El joven guerrero trazó líneas imaginarias que unían los puntos brillantes de las estrellas hasta conformar los símbolos del Bien y del Mal. Vislumbró la constelación que les había dado el apellido: el dios Majere, también conocida como Rosa Solitaria por los elfos (según le dijo su amigo Tanis) y como Mantis por los Caballeros de Solamnia (según Sturm). La constelación se extendía en la profunda oscuridad suspendida sobre su cabeza. Caramon sabía por Raistlin que esta agrupación de estrellas otorgaba, en apariencia, estabilidad de pensamiento y paz de espíritu. Al menos, en cuanto a él se refería, la contemplación del firmamento le producía una sensación de seguridad, de equilibrio duradero. Ocurriera lo que ocurriese en el mundo, las constelaciones siempre estarían allí, inamovibles.

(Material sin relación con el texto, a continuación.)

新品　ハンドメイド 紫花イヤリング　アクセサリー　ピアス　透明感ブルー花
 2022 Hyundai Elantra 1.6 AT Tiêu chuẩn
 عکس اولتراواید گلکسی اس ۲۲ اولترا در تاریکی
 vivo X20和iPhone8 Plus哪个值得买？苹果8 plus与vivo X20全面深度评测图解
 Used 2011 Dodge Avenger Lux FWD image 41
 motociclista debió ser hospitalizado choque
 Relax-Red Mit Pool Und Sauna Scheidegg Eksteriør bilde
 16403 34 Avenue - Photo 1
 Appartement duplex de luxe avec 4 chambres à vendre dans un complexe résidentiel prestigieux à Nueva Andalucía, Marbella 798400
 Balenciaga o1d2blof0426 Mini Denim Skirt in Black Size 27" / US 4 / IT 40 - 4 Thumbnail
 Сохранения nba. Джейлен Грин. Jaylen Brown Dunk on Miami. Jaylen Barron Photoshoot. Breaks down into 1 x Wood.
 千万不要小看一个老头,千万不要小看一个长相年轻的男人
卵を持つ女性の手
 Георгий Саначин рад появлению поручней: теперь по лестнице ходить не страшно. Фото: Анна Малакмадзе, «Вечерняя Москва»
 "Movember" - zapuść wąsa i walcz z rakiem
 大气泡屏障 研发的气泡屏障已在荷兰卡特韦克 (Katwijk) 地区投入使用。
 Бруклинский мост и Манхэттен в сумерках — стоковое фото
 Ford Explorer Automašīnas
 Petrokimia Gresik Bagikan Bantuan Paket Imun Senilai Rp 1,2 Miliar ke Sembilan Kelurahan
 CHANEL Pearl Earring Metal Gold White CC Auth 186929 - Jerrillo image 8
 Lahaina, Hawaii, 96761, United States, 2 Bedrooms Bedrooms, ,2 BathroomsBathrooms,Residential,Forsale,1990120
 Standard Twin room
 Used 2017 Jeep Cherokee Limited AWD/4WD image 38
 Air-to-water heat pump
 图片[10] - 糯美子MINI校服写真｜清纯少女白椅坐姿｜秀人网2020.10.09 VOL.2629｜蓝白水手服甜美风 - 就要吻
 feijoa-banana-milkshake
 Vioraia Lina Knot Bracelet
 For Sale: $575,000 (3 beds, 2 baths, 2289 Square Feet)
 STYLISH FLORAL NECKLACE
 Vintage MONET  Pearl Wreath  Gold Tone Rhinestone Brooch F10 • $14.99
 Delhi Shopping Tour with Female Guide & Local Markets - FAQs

Caramon hizo un saludo a las estrellas y se puso de pie. Había llegado el momento de trabajar. Se movió en silencio, con cuidado de no despertar a su hermano; amontonó las armas a sus pies e inició el repaso acostumbrado. Tenía tres espadas, todas ellas desgastadas y marcadas por las batallas. Una era una espada bastarda, también llamada de palmo y medio porque se podía manejar tanto con una mano como con dos. La empuñadura estaba sucia, con manchas oscuras de sangre. La cruz de la guarnición, una sencilla barra metálica carente de adornos que separaba la empuñadura de la hoja de ciento veinte centímetros de largo, presentaba muescas y mellas de tanto rechazar los ataques de innumerables oponentes.

Las otras dos armas eran más pequeñas: una espada ancha provista de contrapeso, y una daga que utilizaba, por lo general, para frenar los golpes del contrario, que tenía una hoja de cuarenta y cinco centímetros de largo y una guarnición que cubría el puño. Éstas eran las armas de un guerrero experimentado, de alguien que jamás sacrifica su honor en aras de una victoria. Eran viejas y fieles compañeras de camino.

Las otras armas de Caramon eran botines de guerra, el regalo de los muertos. Poseía hasta tres dagas, cuyas hojas afiladas estaban engastadas en empuñaduras que tenían forma de demonio o dragón; un estilete de doble filo, de hoja ondulada como una serpiente; y varias armas arrojadizas: hachas pequeñas y dardos. Sin olvidar una manopla guarnecida de bronce, y varias nudilleras. Todas estas armas se las había arrebatado a unos enemigos que ya no las necesitaban.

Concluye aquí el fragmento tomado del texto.